Jeff remembered the first few months following being fired when telling me his story.  Everybody (who was fired) was “still in town and we would worship together.” He said, “We would have bible study together and so we had a lot of debriefing time together.” Isaac agreed. He found the most healing when he talked to people who had been through similar situations.

Getting together with others who have faced the struggle or will at least listen is often an important means of healing for those who have suffered at the hands of abusers.

Harris noticed he was talking about his experiences more than he wanted. “But,” he said, “I realized I had to talk about it. I had to tell the story in order to gain mastery over it. Otherwise, it was inside of me and it didn’t make sense.” He said, “I was grateful for a group of friends that…helped us.” A few months later, he and his wife “brought together a group of people we called the ‘discernment team’ just to help us think about what God might have for us next.”

For Brad and Martha, an important period of healing came when they returned to the United States. There was a mission group at one of their supporting churches who cared for them. Martha said, “They just really embraced us and were willing to help.” Brad added, “They wanted to know how we were doing. How they could help us.”

The group asked Brad and Martha to come meet with them to “debrief with them, not to pick apart the ins and outs of the organization, but for us. It wasn’t about trying to fix what we left behind.” He said most other people didn’t really understand and that made this mission group’s support so helpful. Martha added, “There was a measure of failure you wrestle with. We moved our entire lives and sold our house…and for only two years? But, we were never made to feel like failures” by this group.

Forgive the Unforgivable

Mark was employed by an educational mission in a developing country. He was chosen as interim Director for one year. He and his wife lasted less than half that time as they became mediators between the students / staff and the toxic leadership of the mission.

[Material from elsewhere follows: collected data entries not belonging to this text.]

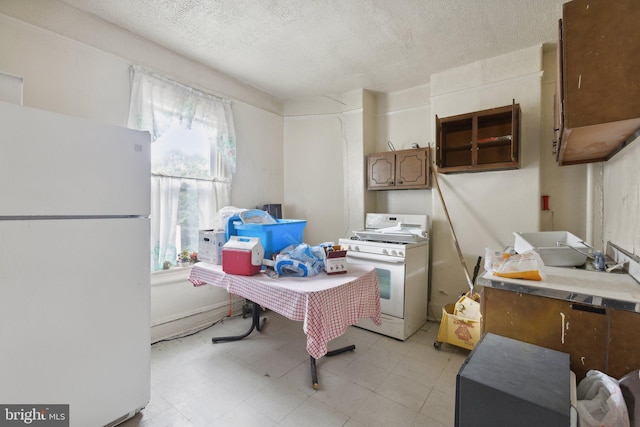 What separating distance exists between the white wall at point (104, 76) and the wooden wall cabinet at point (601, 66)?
9.79 feet

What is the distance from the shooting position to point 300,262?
183 centimetres

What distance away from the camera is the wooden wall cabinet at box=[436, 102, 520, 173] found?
2.45 meters

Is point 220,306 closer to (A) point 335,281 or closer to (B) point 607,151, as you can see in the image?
(A) point 335,281

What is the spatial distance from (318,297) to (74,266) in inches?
49.9

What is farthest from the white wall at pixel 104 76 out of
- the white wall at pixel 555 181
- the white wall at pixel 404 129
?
the white wall at pixel 555 181

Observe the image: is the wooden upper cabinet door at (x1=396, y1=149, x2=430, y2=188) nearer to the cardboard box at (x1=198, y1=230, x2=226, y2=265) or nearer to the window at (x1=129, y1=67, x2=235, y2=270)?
the window at (x1=129, y1=67, x2=235, y2=270)

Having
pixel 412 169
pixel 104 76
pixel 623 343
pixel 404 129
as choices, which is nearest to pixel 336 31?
pixel 404 129

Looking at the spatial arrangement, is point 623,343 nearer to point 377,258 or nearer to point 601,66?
point 601,66

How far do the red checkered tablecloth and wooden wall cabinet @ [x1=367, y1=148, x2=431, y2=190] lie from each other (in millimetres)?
1519

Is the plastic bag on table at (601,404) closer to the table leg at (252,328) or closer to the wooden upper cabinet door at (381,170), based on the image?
the table leg at (252,328)

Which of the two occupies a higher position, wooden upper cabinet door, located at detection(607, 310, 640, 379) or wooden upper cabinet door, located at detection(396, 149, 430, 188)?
wooden upper cabinet door, located at detection(396, 149, 430, 188)

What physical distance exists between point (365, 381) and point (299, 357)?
59cm

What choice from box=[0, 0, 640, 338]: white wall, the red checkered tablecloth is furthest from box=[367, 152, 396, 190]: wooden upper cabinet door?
the red checkered tablecloth

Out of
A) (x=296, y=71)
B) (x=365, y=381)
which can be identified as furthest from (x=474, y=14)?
(x=365, y=381) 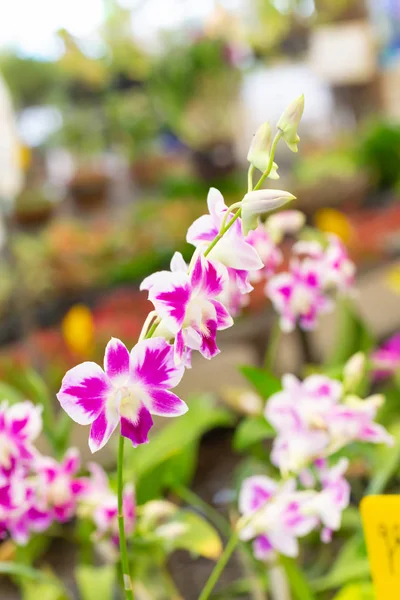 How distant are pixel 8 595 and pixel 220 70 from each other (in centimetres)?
156

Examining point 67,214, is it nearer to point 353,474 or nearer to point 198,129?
point 198,129

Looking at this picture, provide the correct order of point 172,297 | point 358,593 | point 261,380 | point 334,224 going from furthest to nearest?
point 334,224
point 261,380
point 358,593
point 172,297

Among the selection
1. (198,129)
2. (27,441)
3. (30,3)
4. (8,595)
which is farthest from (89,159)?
(27,441)

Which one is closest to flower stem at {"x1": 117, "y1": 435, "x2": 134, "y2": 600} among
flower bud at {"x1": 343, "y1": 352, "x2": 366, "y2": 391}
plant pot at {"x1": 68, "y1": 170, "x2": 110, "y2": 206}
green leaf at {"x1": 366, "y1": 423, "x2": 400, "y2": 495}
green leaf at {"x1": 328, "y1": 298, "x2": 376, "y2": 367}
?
flower bud at {"x1": 343, "y1": 352, "x2": 366, "y2": 391}

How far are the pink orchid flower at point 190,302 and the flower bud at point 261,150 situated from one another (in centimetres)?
5

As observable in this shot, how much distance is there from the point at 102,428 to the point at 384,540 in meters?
0.21

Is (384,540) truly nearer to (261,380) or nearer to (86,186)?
(261,380)

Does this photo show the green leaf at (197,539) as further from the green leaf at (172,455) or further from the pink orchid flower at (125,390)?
the pink orchid flower at (125,390)

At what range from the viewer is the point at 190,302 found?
0.31 m

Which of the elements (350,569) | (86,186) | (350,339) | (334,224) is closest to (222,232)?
(350,569)

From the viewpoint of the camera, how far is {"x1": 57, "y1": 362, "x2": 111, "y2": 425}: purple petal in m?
0.30

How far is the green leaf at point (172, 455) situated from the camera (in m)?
0.68

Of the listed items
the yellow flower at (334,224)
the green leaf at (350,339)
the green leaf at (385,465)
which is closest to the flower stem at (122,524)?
the green leaf at (385,465)

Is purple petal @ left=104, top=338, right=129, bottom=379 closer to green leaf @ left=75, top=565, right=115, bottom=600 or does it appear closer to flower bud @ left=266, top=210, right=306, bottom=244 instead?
flower bud @ left=266, top=210, right=306, bottom=244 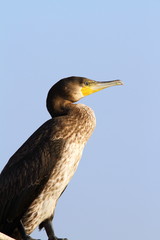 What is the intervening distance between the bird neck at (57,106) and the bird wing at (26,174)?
498 millimetres

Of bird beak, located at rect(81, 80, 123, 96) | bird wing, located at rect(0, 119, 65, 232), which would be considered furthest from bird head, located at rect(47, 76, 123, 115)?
bird wing, located at rect(0, 119, 65, 232)

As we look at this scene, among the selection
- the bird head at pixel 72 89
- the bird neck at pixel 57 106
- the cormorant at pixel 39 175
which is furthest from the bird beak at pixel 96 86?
the cormorant at pixel 39 175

When Mark had turned in his resignation, but was still working with the organization, he said, “I [was] finally able to live with myself because I had watched so much abuse, excused so much abuse, explained to others the abuse they were enduring, but here it now visited me…that enabled me to say, ‘I’m with them, not you anymore.’”

Even now, he seeks shalom. He said, “I think it is a lifelong process in terms of forgiveness.” He explained,

I have had to realize that forgiveness is not necessarily something communicated to the other but is settled in my own mind. I have had to conclude that forgiveness is selfish…so, that I can move on and cease to allow these people to have control over my thoughts, my daydreams, my conversations, my fantasies of what could have been.

Mark had the impression that for there to be forgiveness, there had to be a sit down. There had to be one-on-one interaction. But, he realized, “That would be impossible knowing…they wouldn’t come with the same motives in place. Theirs would be to just keep things quiet.” He believes forgiveness is “being able to accept their humanity and to…not hold them accountable for how [his] life has gone.” He said it has been very difficult, but he “has made great progress in that arena.”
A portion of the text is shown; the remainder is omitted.